__INSTRUCTIONS FOR THE TASK__.
In this exercise, the data must be written out exactly.

__STORED DATA__.
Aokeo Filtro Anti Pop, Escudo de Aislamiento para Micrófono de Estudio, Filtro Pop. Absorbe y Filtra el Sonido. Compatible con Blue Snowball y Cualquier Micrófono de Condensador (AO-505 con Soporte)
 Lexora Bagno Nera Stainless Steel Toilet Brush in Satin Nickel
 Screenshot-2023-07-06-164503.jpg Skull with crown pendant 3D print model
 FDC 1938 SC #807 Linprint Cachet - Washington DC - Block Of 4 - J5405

__RESULT FOR THIS EXERCISE__.
Aokeo Filtro Anti Pop, Escudo de Aislamiento para Micrófono de Estudio, Filtro Pop. Absorbe y Filtra el Sonido. Compatible con Blue Snowball y Cualquier Micrófono de Condensador (AO-505 con Soporte)
 Lexora Bagno Nera Stainless Steel Toilet Brush in Satin Nickel
 Screenshot-2023-07-06-164503.jpg Skull with crown pendant 3D print model
 FDC 1938 SC #807 Linprint Cachet - Washington DC - Block Of 4 - J5405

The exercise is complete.